Andrew murmured for another minute or two. Finally, he straightened and wiped his mouth with the back of his hand as if trying to brush off the bitterness of the words from his lips. “Just promise, if something happens to me, you’ll take care of the bride and child.”
“What’s going through your mind?” Roy said between heavy breaths.
“Just promise me.”
“You know I would never abandon them.”
“That’s all I needed to hear.” Andrew cleared his throat and sat silently.
Roy felt as though he were inching towards the edge of an abyss. That he would fall into the darkness if left alone to ponder his brother’s revelation. But an even stronger fear was pulsing through his veins. There was something in Andrew’s countenance: an eerie sense of relief, a cool resoluteness that sent a shudder down the base of Roy’s neck.
“Maybe I can come by the house tonight,” Roy said. He wanted to punch through the partition, to clench his brother and not let him leave.
“You got customers waiting,” Andrew said. “Business is good for you these days.” Andrew got to his feet. “Good-bye, Roy.”
When Andrew opened the oak door of the confession box, a small man wearing a tweed jacket stood outside, a crest of wild gray hair spilling over his wrinkled forehead.

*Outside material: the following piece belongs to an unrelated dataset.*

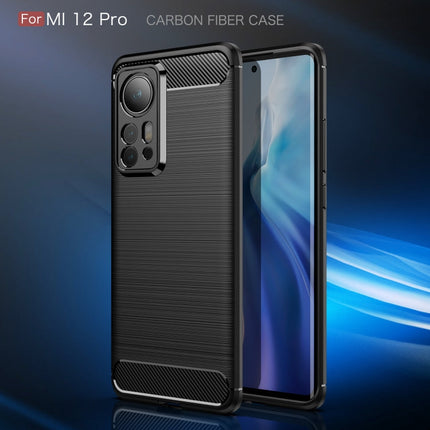 Brushed Texture Carbon Fiber TPU Phone Case, For Xiaomi 12 Pro 5G, For Xiaomi Mi 12 Ultra 5G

The man’s eyes opened wide at the site of the large police officer stepping out of the confessional and he began to finger the well-worn fedora he held by his paunch, turning it in his hands as if it were a steering wheel. Andrew stopped in front of him and said, “Give a man a chance to pull his pants back up, will you?”
Roy greeted the next penitent in the confessional but his mind remained on his brother. How was it possible to feel such dread and deliverance, contempt and gratitude, guilt and utter relief all in the same breath? He had witnessed souls under severe strain shift from throes of laughter to sobs of despair in the span of a few seconds and always wondered how this was possible. But now he understood. He rested his head in his hands, elbows digging in his thighs, and tried to catch his breath.
A sound like a hollow crack startled him. Not the sound of a kneeler. It must have come from outside. It brought his focus back on the words of the old gentleman who confessed that he lied to his wife about going to Cicero and losing fifty bucks at the Hawthorne race course, and that he harbored less than charitable feelings towards the Negroes who were moving westward into good Irish neighborhoods.
The murmur of voices reverberated off the church’s arched ceilings; then a single plaintive voice: “Someone call an ambulance. A cop’s been shot!”